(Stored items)
--------------------------------------------------

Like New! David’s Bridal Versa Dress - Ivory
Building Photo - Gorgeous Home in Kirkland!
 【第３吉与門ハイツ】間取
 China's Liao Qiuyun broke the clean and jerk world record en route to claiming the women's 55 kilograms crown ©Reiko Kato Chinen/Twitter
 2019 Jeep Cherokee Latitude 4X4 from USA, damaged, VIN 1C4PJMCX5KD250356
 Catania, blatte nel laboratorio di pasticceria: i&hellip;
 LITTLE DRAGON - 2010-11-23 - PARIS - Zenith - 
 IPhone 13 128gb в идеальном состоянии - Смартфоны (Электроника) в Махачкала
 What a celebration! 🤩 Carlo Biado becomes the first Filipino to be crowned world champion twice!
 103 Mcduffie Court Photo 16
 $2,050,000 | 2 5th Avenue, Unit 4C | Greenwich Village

--------------------------------------------------

* [Assignment]: Set down exactly what runs from the line containing "What a celebration!" through the last line above, both lines included.

* [Result of this exercise]:
 What a celebration! 🤩 Carlo Biado becomes the first Filipino to be crowned world champion twice!
 103 Mcduffie Court Photo 16
 $2,050,000 | 2 5th Avenue, Unit 4C | Greenwich Village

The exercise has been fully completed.